Until it Sleeps

When Metallica finally recorded and released the follow-up to Metallica (aka “the black album”), it was deemed a disappointment by many. Some cried sell-out and it’s almost easy to understand why when you hear the finished result.

The Metallica of Master of Puppets, one of — if not the — best metal albums ever, had taken their leave. In their wake they left slower songs, discernible lyrics, not to mention a beefed-up production and a cry went out into the land and it was that producer Bob Rock hath made Metallica sound like ye olde Bon Jovi! Far from it. But as the opening riff pounds you to the wall and Hetfield shrieks “Outta my way!”, you find that you’ll do well to obey.

The runaway success of Metallica must have left the band in a quandary. Many long-time fans felt they had sold out when they streamlined their sound; some of us, newer to the scene, welcomed the advent of heavier music to the mainstream. But when the dust settled, it’s difficult to see Metallica as the pinnacle of the second part of their career. Yes, it’s a good metal record overall, containing a few classic tracks, ie. the singles Enter SandmanThe Unforgiven and the balls-out monster track Wherever I may roam.

Load is the album Metallica could have been. It’s a logical progression. It must have been a difficult choice for them: what direction to pursue? The trash metal that made their name or the slower grind that broke them to the masses? I for one can’t help but be pleased that they decided to go for broke and try on a new sound.
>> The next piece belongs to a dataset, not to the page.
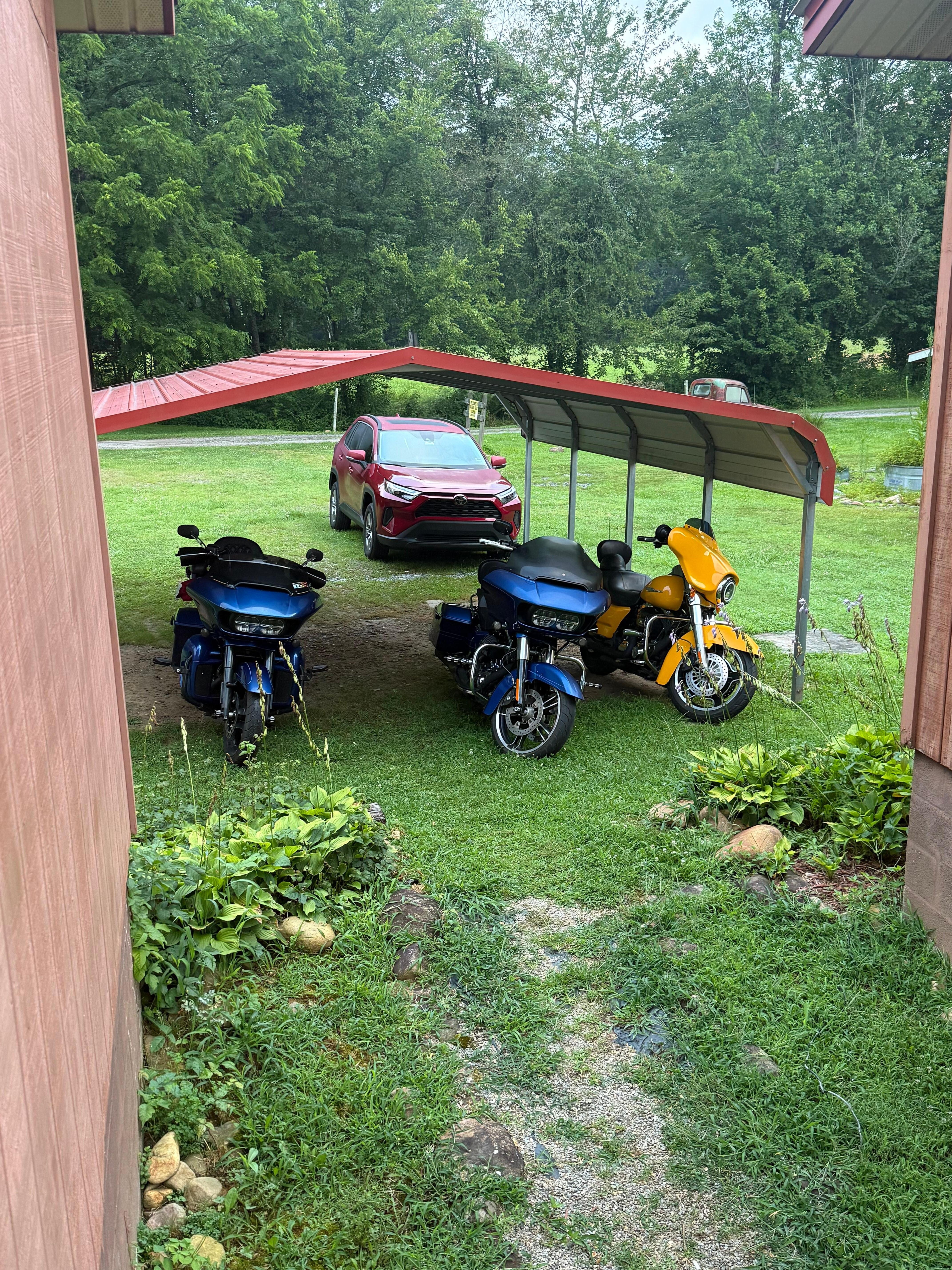 Covered bike parking. Also had paved spots for your kickstand. Just the little things that make this place a great stop for people riding the dragon and cherahola skyway.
The simple fact is that while Load doesn’t measure up to the brutal, velocity-crazed brilliance of Master of Puppets, it really shouldn’t have to: They are two entirely different kinds of beasts. Make no mistake about it: Load is a gem. It is the sound of a band growing up; Metallica are in fact facing middle age; is it such a surprise that their outlook on things would change or that their sound would mellow somewhat with the advent of children and families?

Image-wise, they took the make-over too far; the Anton Korbijn Gen X photos that adorn the cover grate. Especially since the music contained on the disc is far removed from designer angst in vogue then as now. (Still, Lars Ulrich getting a haircut was surely not so bad: It looked pretty thin on top.)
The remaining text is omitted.